*** Block opens ***

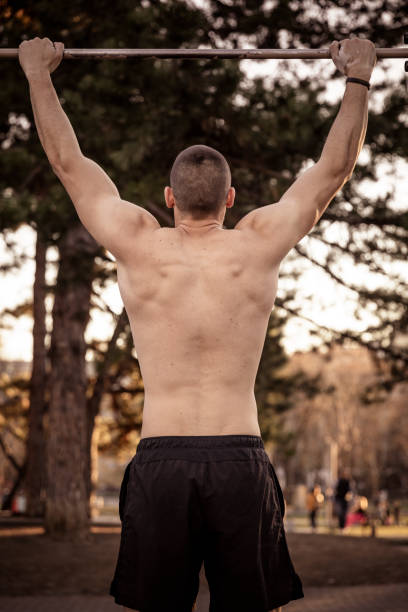 istock Handsome Young Athlete Doing Chin-ups on Horizontal Bar 1138412260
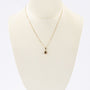 Gold pendant with garnet on gold necklace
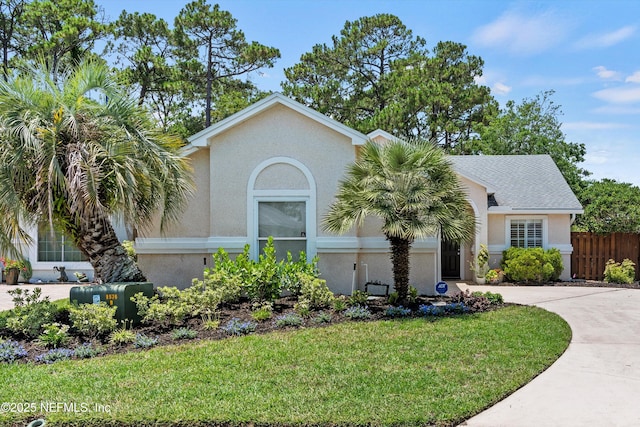 1578 Linkside Dr, Atlantic Beach, FL 32233 - view of front facade with stucco siding and driveway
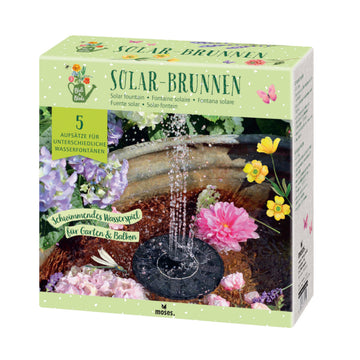 Karton für einen Solar-Brunnen-Bausatz, der als Gartendeko im Freien mit Blumen und Wasser dargestellt ist und in Deutsch und anderen Sprachen beschriftet ist.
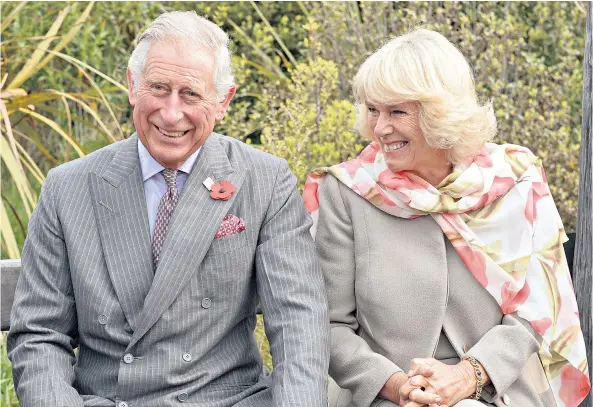  ??  ?? Sense of humour: the Prince of Wales and the Duchess of Cornwall are often pictured laughing together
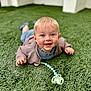 baby, infant, grass, pacifier, cardigan, blue_eyes, smile, happy, child, outdoor, toy, lying_down, cute, young_child, portrait, blond_hair, clothing, person, nature, daylight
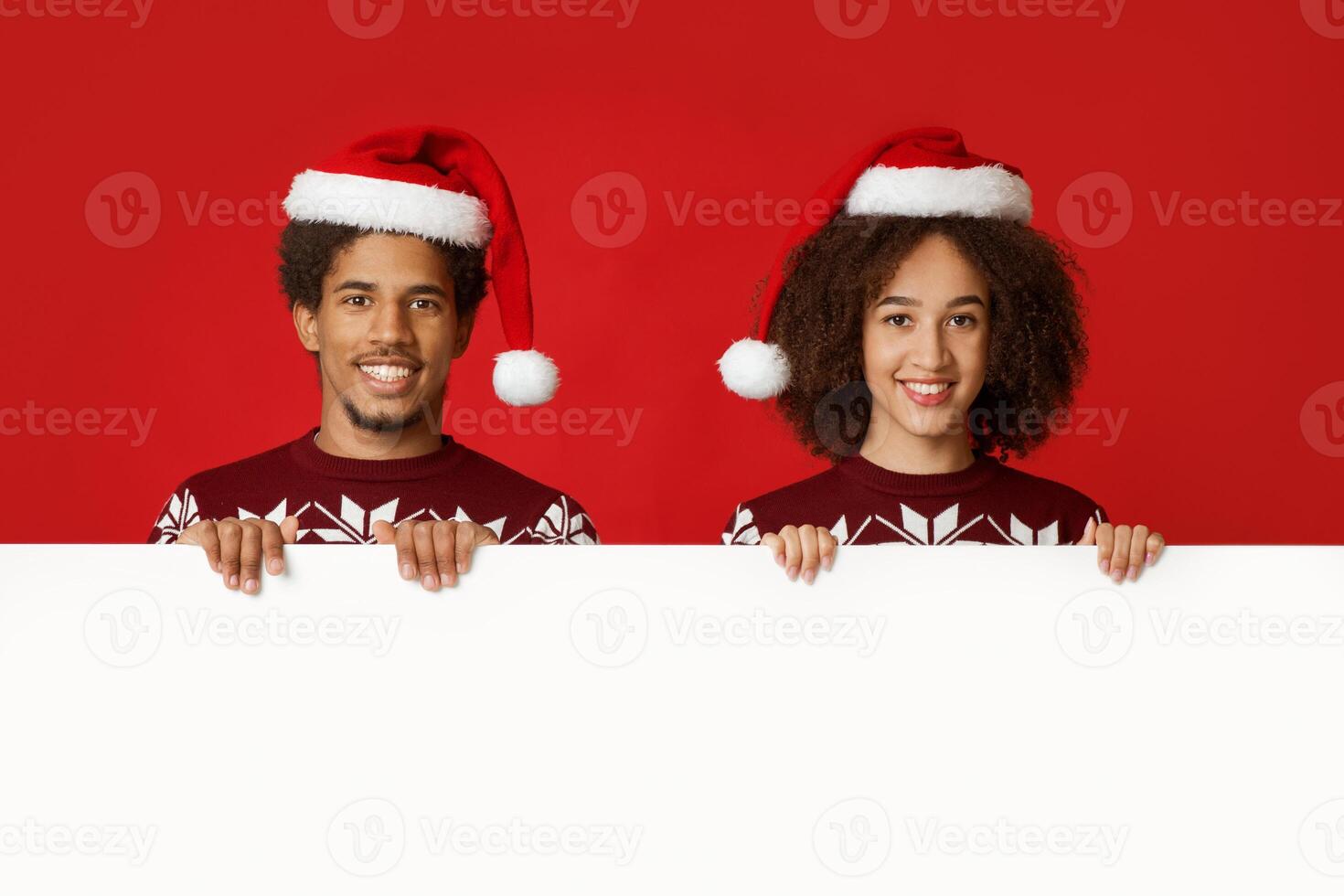 Winter mood and Christmas celebration. Cheerful young african american friends or family in Xmas sweaters and hats, holds white poster with empty space, isolated on red background, studio shot photo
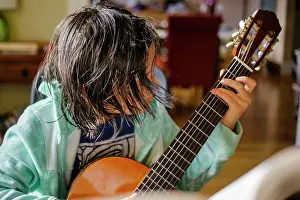 Concentrate Prints: A child with hair hanging in his face practices classical guitar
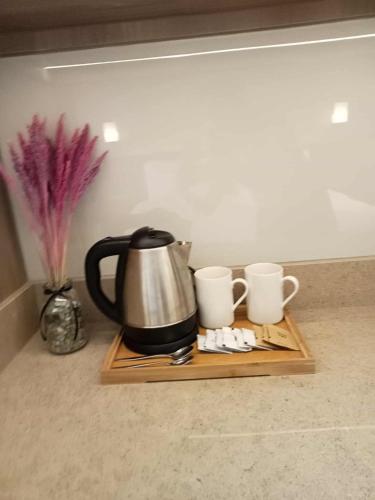 a coffee pot and two cups on a wooden tray at Novotel Manila Residence Hotel by Jolly Luxe Suites at Acqua in Manila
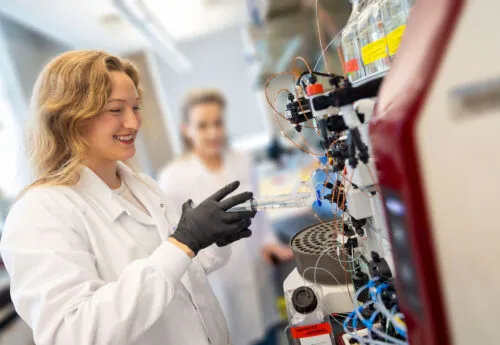 A student in a white coat uses laboratory machines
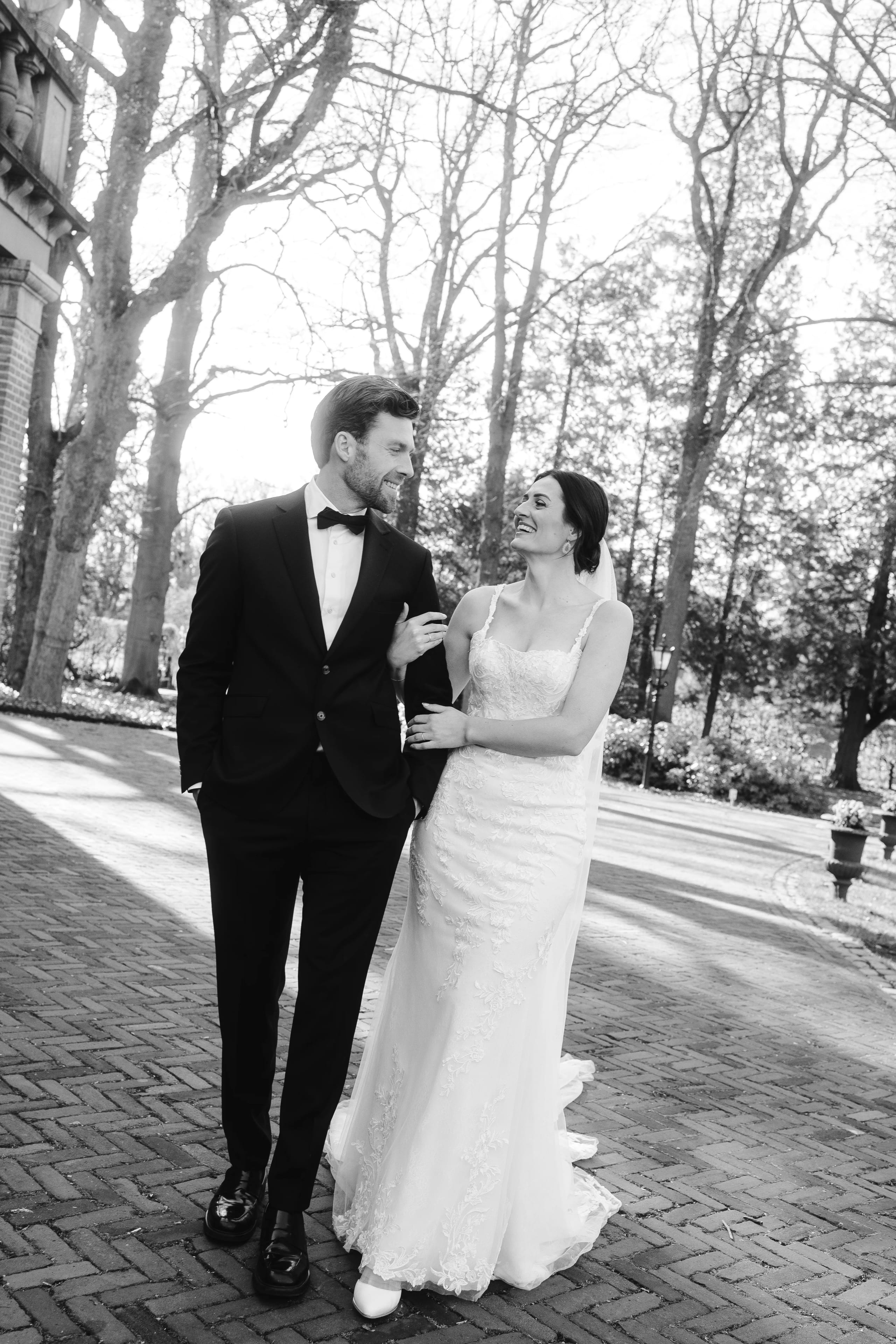 Een gelukkig bruidspaar wandelt hand in hand door een mooi park, omringd door bomen, terwijl ze naar elkaar lachen. De bruid draagt een elegante, witte trouwjurk en de bruidegom een stijlvol zwart pak met een strik.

*** Block closes ***

Your objective — Pictures are to be left out when the lines from the one containing "a coffee pot" through the end of the records above are repeated exactly; no other line is wanted.

Answer area —
 a coffee pot and two cups on a wooden tray at Novotel Manila Residence Hotel by Jolly Luxe Suites at Acqua in Manila
 A student in a white coat uses laboratory machines
 Een gelukkig bruidspaar wandelt hand in hand door een mooi park, omringd door bomen, terwijl ze naar elkaar lachen. De bruid draagt een elegante, witte trouwjurk en de bruidegom een stijlvol zwart pak met een strik.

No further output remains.